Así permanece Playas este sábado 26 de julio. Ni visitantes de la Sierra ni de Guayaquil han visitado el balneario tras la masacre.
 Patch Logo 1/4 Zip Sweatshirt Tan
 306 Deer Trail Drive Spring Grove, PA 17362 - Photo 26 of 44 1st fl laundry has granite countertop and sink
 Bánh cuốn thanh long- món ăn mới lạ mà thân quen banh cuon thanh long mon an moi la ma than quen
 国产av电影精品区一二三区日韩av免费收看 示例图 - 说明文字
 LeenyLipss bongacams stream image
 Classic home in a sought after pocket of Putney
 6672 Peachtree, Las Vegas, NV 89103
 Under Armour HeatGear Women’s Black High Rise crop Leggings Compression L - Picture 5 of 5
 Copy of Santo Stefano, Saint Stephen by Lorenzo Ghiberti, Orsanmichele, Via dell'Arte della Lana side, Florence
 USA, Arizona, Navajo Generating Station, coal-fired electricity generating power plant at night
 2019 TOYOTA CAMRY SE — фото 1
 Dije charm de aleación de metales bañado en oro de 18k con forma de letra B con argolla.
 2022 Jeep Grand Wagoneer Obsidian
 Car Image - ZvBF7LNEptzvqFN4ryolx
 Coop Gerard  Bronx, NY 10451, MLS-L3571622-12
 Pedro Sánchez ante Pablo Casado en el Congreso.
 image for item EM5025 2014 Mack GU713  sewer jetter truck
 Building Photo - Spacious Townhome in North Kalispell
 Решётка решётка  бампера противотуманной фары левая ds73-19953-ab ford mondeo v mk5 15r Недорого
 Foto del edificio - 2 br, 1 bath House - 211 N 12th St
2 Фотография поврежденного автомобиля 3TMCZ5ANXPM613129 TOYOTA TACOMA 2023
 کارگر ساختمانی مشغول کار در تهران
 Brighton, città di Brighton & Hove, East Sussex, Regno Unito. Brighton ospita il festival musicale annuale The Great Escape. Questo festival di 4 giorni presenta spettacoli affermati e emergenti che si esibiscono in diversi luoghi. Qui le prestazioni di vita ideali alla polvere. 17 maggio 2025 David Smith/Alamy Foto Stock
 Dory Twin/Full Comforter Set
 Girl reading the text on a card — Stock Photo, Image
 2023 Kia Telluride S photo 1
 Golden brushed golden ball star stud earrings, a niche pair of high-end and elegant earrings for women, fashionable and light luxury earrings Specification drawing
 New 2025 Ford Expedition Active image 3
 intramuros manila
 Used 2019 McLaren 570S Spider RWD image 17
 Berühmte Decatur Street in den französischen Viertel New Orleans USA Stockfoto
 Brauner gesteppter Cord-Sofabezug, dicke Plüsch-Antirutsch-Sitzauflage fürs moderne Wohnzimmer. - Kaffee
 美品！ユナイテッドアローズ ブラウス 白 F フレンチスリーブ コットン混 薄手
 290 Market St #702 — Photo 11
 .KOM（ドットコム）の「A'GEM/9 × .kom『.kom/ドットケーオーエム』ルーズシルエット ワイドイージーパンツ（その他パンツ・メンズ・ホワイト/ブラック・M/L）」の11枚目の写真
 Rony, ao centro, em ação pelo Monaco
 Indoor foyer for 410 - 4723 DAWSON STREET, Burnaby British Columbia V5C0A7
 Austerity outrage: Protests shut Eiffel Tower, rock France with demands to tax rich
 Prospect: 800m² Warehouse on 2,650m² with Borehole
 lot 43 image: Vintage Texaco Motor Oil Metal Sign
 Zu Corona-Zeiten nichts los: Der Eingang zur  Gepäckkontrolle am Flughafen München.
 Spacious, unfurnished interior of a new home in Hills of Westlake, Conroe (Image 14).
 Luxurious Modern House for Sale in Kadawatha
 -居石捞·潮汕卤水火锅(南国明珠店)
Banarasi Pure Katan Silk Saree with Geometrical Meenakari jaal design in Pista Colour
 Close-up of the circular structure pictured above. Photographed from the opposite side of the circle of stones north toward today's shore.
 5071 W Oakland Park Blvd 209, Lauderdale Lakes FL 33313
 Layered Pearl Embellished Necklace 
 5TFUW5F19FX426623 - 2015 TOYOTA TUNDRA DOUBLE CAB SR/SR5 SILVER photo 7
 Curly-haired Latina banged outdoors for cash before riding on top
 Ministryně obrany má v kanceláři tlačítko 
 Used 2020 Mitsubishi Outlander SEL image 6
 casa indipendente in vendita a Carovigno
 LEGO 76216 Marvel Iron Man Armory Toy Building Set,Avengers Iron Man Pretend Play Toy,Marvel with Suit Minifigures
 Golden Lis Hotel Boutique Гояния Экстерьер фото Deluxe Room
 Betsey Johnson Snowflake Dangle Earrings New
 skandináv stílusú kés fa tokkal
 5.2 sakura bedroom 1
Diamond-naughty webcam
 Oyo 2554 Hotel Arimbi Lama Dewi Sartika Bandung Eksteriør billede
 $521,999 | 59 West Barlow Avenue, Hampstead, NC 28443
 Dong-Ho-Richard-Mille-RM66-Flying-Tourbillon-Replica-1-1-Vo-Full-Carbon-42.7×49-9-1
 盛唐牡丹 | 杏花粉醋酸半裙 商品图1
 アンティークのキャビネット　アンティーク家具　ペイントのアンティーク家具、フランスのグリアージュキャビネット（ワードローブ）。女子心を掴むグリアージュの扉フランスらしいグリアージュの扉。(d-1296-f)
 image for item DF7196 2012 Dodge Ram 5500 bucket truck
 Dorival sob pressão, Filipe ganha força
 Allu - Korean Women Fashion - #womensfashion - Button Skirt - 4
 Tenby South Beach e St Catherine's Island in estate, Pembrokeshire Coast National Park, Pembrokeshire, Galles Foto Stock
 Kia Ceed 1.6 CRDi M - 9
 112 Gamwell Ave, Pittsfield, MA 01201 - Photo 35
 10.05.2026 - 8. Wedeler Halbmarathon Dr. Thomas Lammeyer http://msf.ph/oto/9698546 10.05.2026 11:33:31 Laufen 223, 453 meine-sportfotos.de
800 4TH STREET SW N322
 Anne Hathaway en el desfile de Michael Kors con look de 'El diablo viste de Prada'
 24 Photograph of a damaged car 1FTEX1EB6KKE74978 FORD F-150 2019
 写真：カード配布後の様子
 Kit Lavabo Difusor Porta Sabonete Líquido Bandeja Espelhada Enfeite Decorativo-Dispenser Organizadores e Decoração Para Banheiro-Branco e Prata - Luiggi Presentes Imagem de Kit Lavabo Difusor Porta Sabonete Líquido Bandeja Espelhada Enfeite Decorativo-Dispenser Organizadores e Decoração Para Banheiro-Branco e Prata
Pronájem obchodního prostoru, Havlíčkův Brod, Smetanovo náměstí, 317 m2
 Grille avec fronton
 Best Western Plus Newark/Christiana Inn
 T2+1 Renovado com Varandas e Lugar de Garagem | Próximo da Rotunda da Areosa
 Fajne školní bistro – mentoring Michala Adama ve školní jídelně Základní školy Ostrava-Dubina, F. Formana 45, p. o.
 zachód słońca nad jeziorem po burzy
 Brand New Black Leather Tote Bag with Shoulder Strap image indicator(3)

────────────────────────────────────────

(Task to complete)
Going back to the entries above, set down exactly the lines that begin at the one with "Bánh cuốn thanh" and end at the one with "Girl reading the", both included, and nothing else.

(Exercise result)
 Bánh cuốn thanh long- món ăn mới lạ mà thân quen banh cuon thanh long mon an moi la ma than quen
 国产av电影精品区一二三区日韩av免费收看 示例图 - 说明文字
 LeenyLipss bongacams stream image
 Classic home in a sought after pocket of Putney
 6672 Peachtree, Las Vegas, NV 89103
 Under Armour HeatGear Women’s Black High Rise crop Leggings Compression L - Picture 5 of 5
 Copy of Santo Stefano, Saint Stephen by Lorenzo Ghiberti, Orsanmichele, Via dell'Arte della Lana side, Florence
 USA, Arizona, Navajo Generating Station, coal-fired electricity generating power plant at night
 2019 TOYOTA CAMRY SE — фото 1
 Dije charm de aleación de metales bañado en oro de 18k con forma de letra B con argolla.
 2022 Jeep Grand Wagoneer Obsidian
 Car Image - ZvBF7LNEptzvqFN4ryolx
 Coop Gerard  Bronx, NY 10451, MLS-L3571622-12
 Pedro Sánchez ante Pablo Casado en el Congreso.
 image for item EM5025 2014 Mack GU713  sewer jetter truck
 Building Photo - Spacious Townhome in North Kalispell
 Решётка решётка  бампера противотуманной фары левая ds73-19953-ab ford mondeo v mk5 15r Недорого
 Foto del edificio - 2 br, 1 bath House - 211 N 12th St
2 Фотография поврежденного автомобиля 3TMCZ5ANXPM613129 TOYOTA TACOMA 2023
 کارگر ساختمانی مشغول کار در تهران
 Brighton, città di Brighton & Hove, East Sussex, Regno Unito. Brighton ospita il festival musicale annuale The Great Escape. Questo festival di 4 giorni presenta spettacoli affermati e emergenti che si esibiscono in diversi luoghi. Qui le prestazioni di vita ideali alla polvere. 17 maggio 2025 David Smith/Alamy Foto Stock
 Dory Twin/Full Comforter Set
 Girl reading the text on a card — Stock Photo, Image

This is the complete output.